Work item: Give the data again exactly as it appears, excluding any pictures.

Source material:
Start of Block

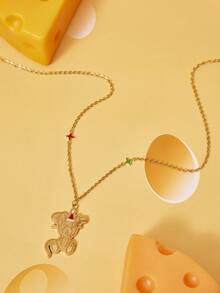 TOM & JERRY X SHEIN Christmas Limited Edition Cartoon Pattern Fashion Necklace - Gold - View 4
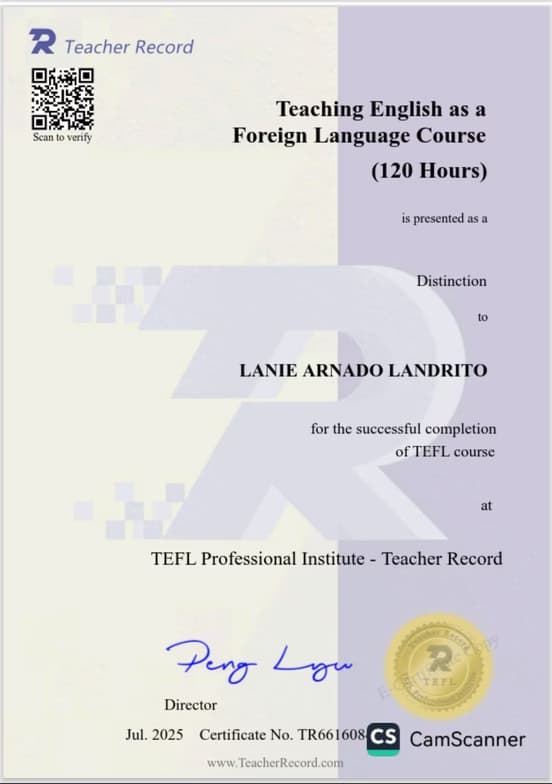 Verified degree or teaching certification of Lanie 
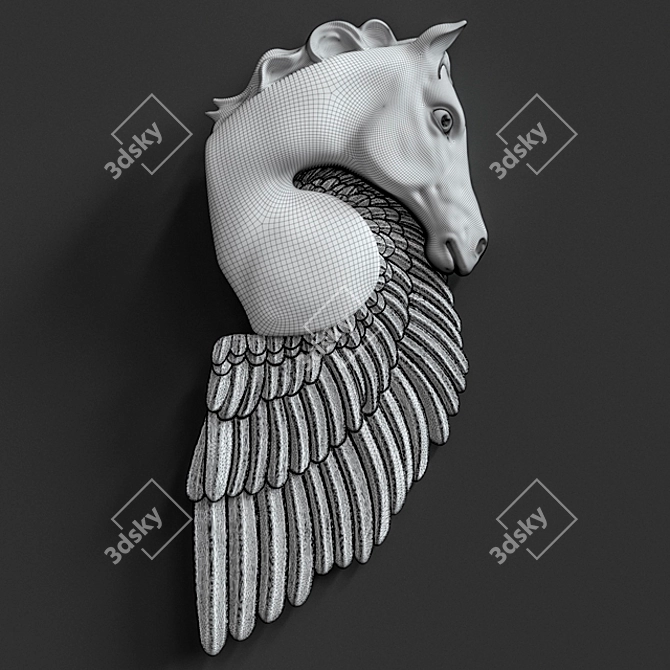 Majestic Pegasus Wall Sculpture 3D model image 3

End of Block

Expected answer:
 TOM & JERRY X SHEIN Christmas Limited Edition Cartoon Pattern Fashion Necklace - Gold - View 4
 Verified degree or teaching certification of Lanie 
 Majestic Pegasus Wall Sculpture 3D model image 3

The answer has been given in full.